Blockchain Concept and Transaction Model

Blockchain is the application of technologies such as distributed data storage, point-to-point transmission, consensus mechanism, and encryption algorithm. Simply put, the difference from ordinary technology is that ordinary technology will store a file on a computer, advanced technology will be placed on the server, and blockchain will store a file on all terminal computers, each time This file exists on every computer and is stored encrypted.

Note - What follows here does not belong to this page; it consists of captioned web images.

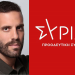 Επίσκεψη Νίκου Παππά στην Άρτα
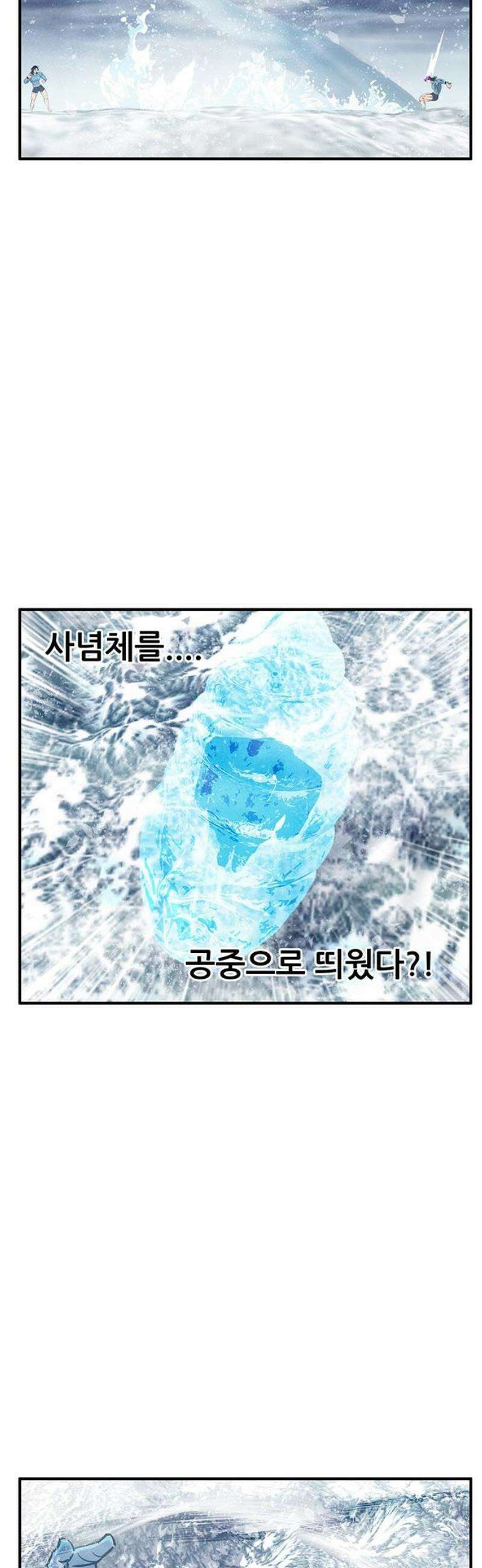 만물의 영장 FINAL 84화 결판<9> 35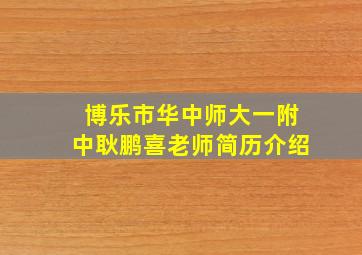 博乐市华中师大一附中耿鹏喜老师简历介绍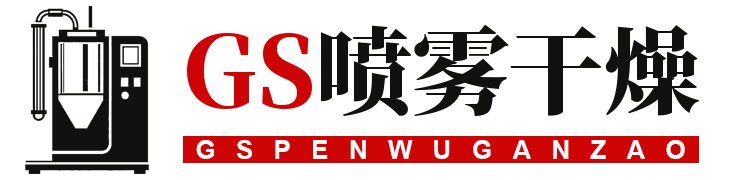 GS喷雾干燥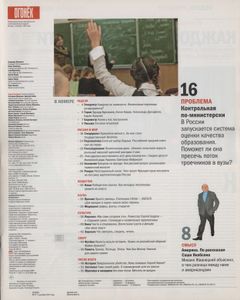 Огонёк № 5351, 1 Декабря 2014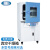 一恒 真空干燥箱实验室电热恒温真空烘烤箱工业 DZF-6500 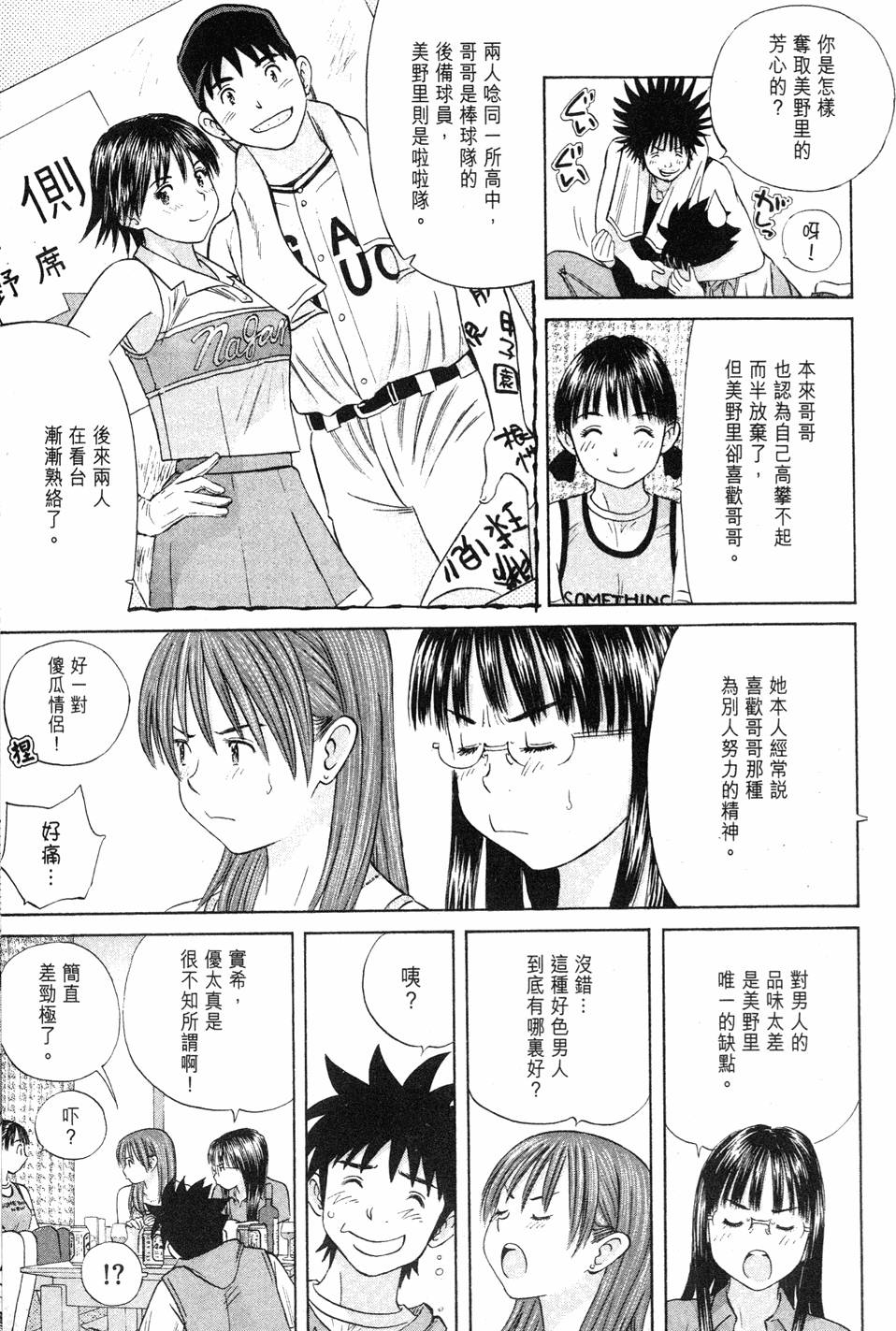 第173页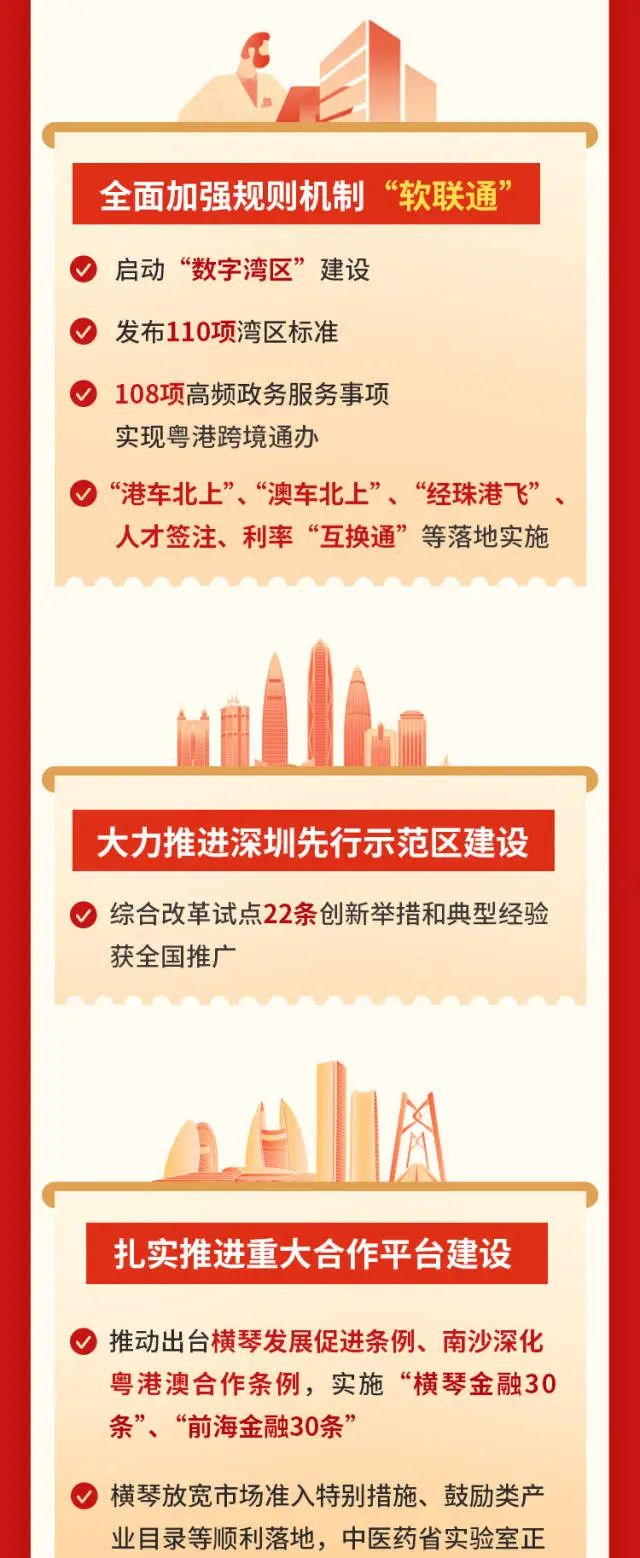 首页| 28圈游戏有限公司官方网站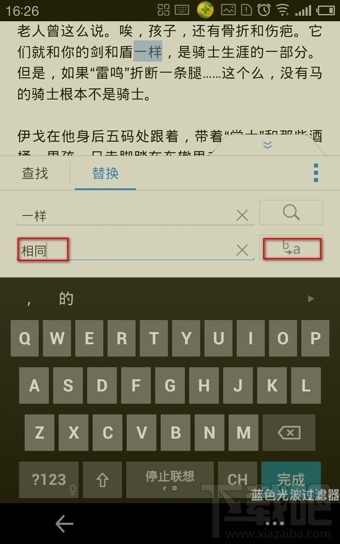 wps文档查找替换关键字(7)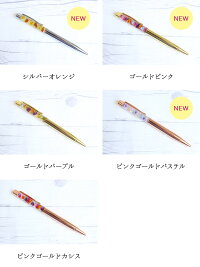 ハーバリウムボールペンプリザーブドフラワー当店限定完成品バレンタイン写真印刷0円メッセージカード無料選べる15カラー完成品誕生日夫婦カップルペアギフト入学プレゼント文具卒業式就職※この商品は送料350円でゆうパケット発送となります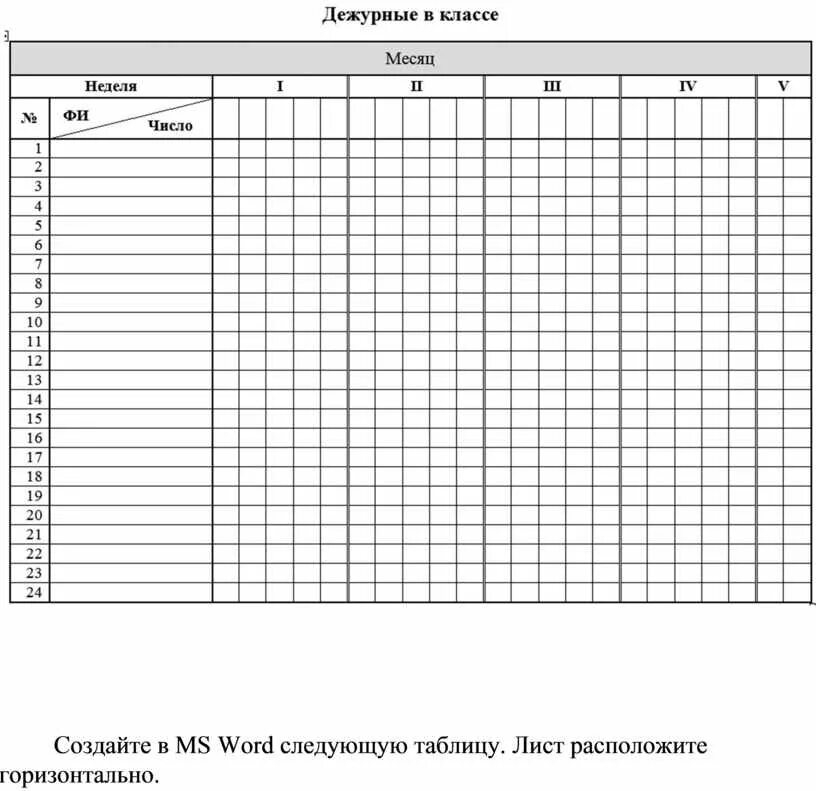 Лист дежурных. Таблица пустая. Таблица для заполнения. Лист посещения. Список таблица шаблон.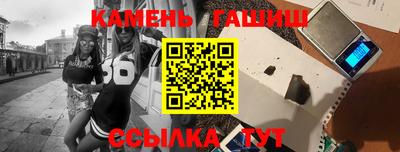 винт Краснокаменск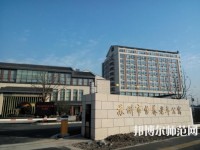 蘇州科技師范大學2021年報名條件、招生要求、招生對象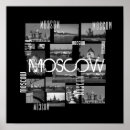 Search for st basils posters Moscow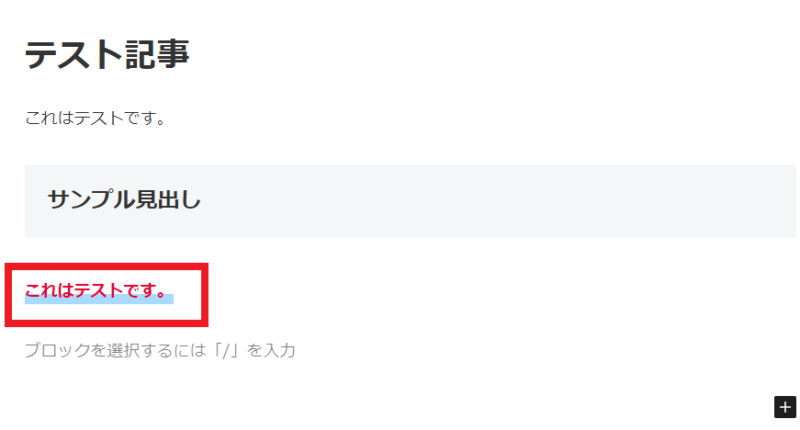 文字装飾のサンプル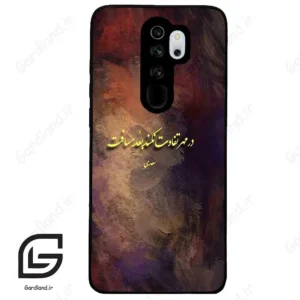 قاب گوشی شیائومی ردمی نوت 8 پرو (Redmi Note 8 Pro ) طرح شعر کد 2816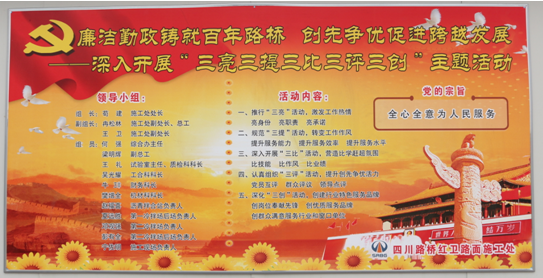 “實(shí)現(xiàn)偉大中國(guó)夢(mèng)、建設(shè)美麗繁榮和諧四川” 主題教育活動(dòng)專題簡(jiǎn)報(bào)（七）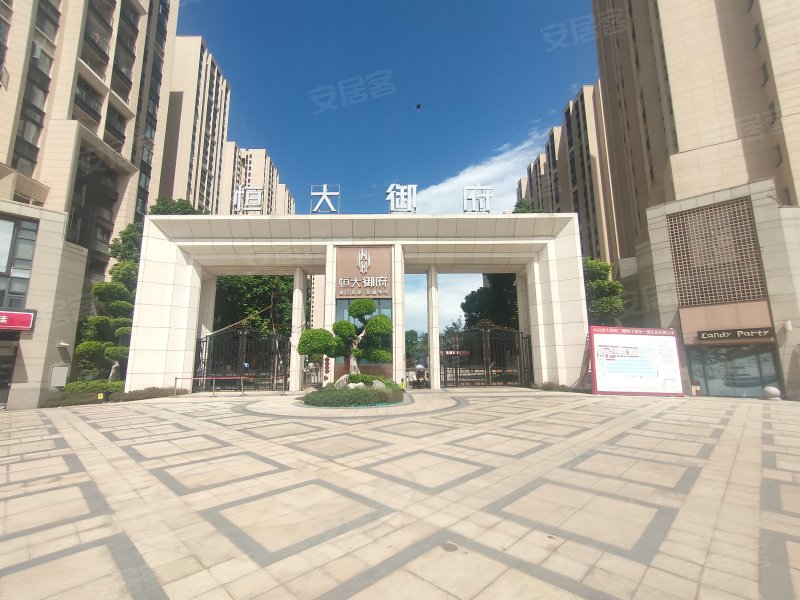 恒大御府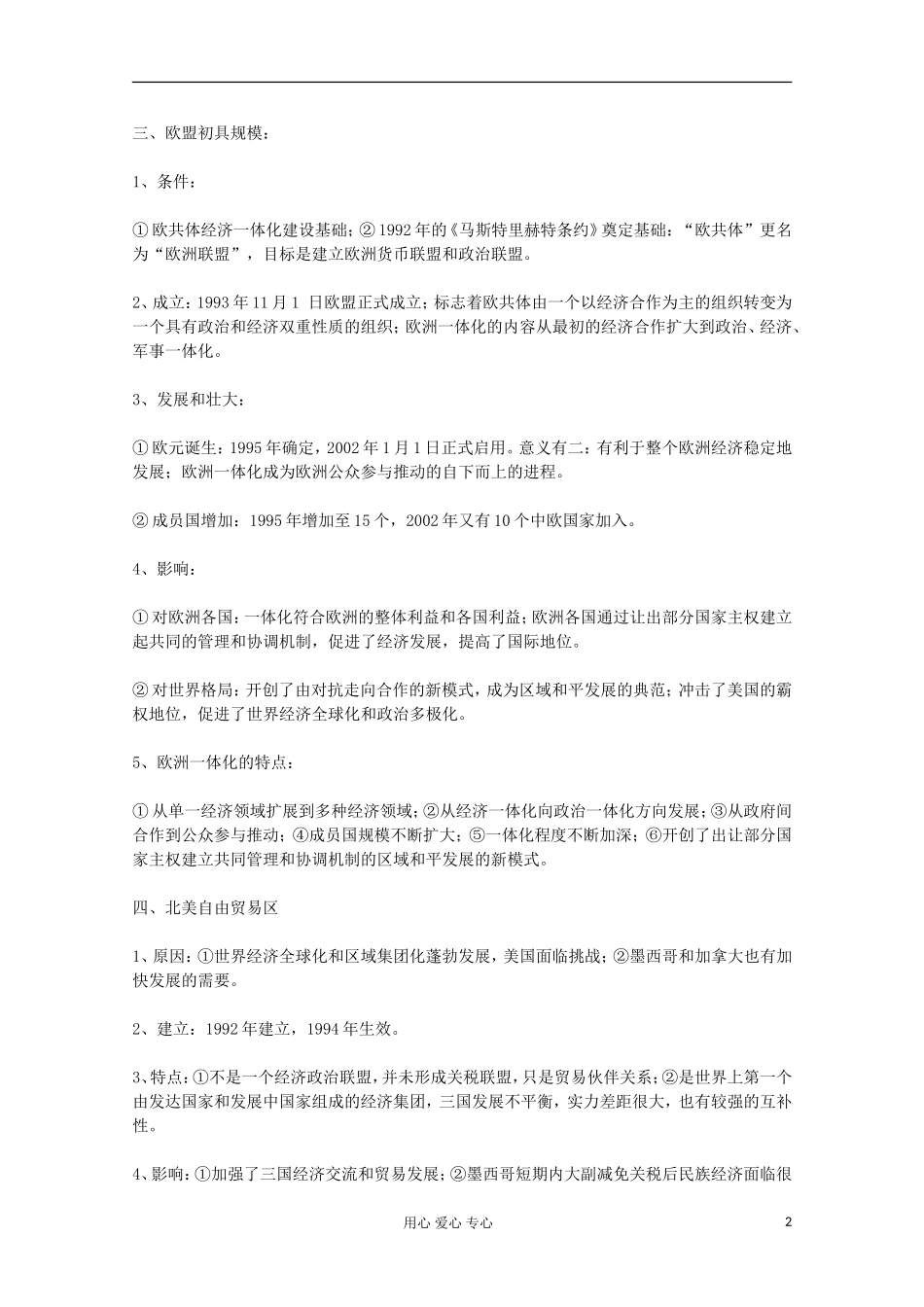 11-12学年高一历史《第24—25课 欧洲的经济区域一体化、美洲与亚洲的经济区域集团化》教案 岳麓版必修2_第2页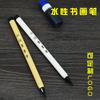 Pluma suave para caligrafía al agua, pincel para caligrafía y pintura a base de agua, pincel de cabeza suave, tinta automática, práctica de escritura, pluma de cabeza suave que puede agregar tinta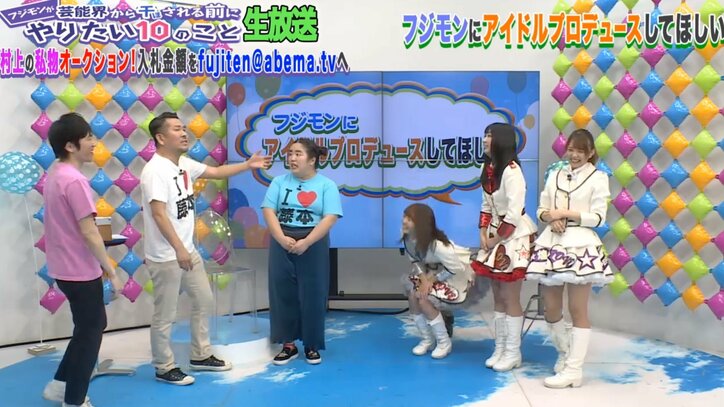 ゆりやん、加護亜依に憧れていた過去 「愛は憎しみに変わり写真を睨んでいた」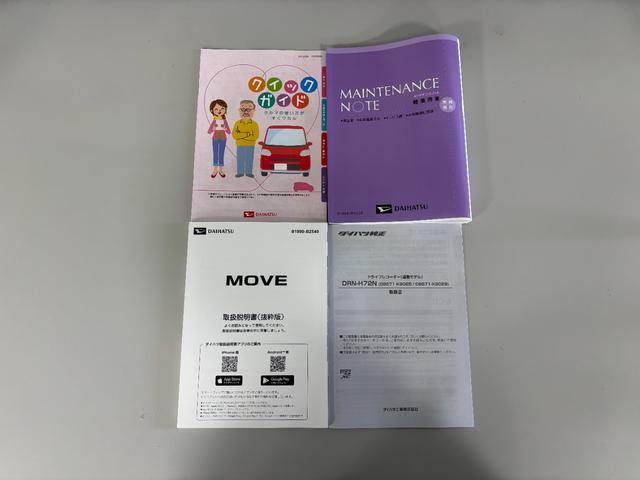 ムーヴＲＳターボ　防錆塗装済み　追従機能　ドライブレコーダー　ナビ　パノラマモニター　Ｂｌｕｅｔｏｏｔｈ　ハンズフリー　ＨＤＭＩ、ＵＳＢソケット　両側電動スライドドア　１５インチアルミホイール　キーフリー（長野県）の中古車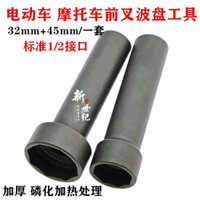 Xe Máy Xe điện Phuộc trước Đĩa sóng chịu lực Cột định hướng Tháo rời Tay Áo Dụng cụ sửa chữa Vòi K4SW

The problem to be solved by the blockchain is to allow this record method to be shared by all nodes without being controlled by any node. The so-called control means having the ability to add, modify, and delete records at will. And once any stored data has this property, there is a lot of room for imagination. For example, everyone's account books are recorded together, and no one can default.

The blockchain is not mysterious, it is just a method of recording data, it appeared to make the recorded data more secure.

In the traditional transaction model, we need a trusted third-party institution to complete the transaction, such as a bank and Alipay. This institution is based on a "trust" transaction model. We believe that the bank and Alipay will not cheat and ensure the reliability of the transaction. The two parties who trust the institution conduct transactions under the guarantee of this institution. For example, if A wants to transfer money to B, then A will first transfer the money to institution C, and then C will transfer it to B.

So there are two big problems here:

1. If the center is destroyed, the ledger information and deposit information will also be destroyed, and the customer's money cannot be guaranteed

2. Can the center really be trusted? What if the center itself cheats?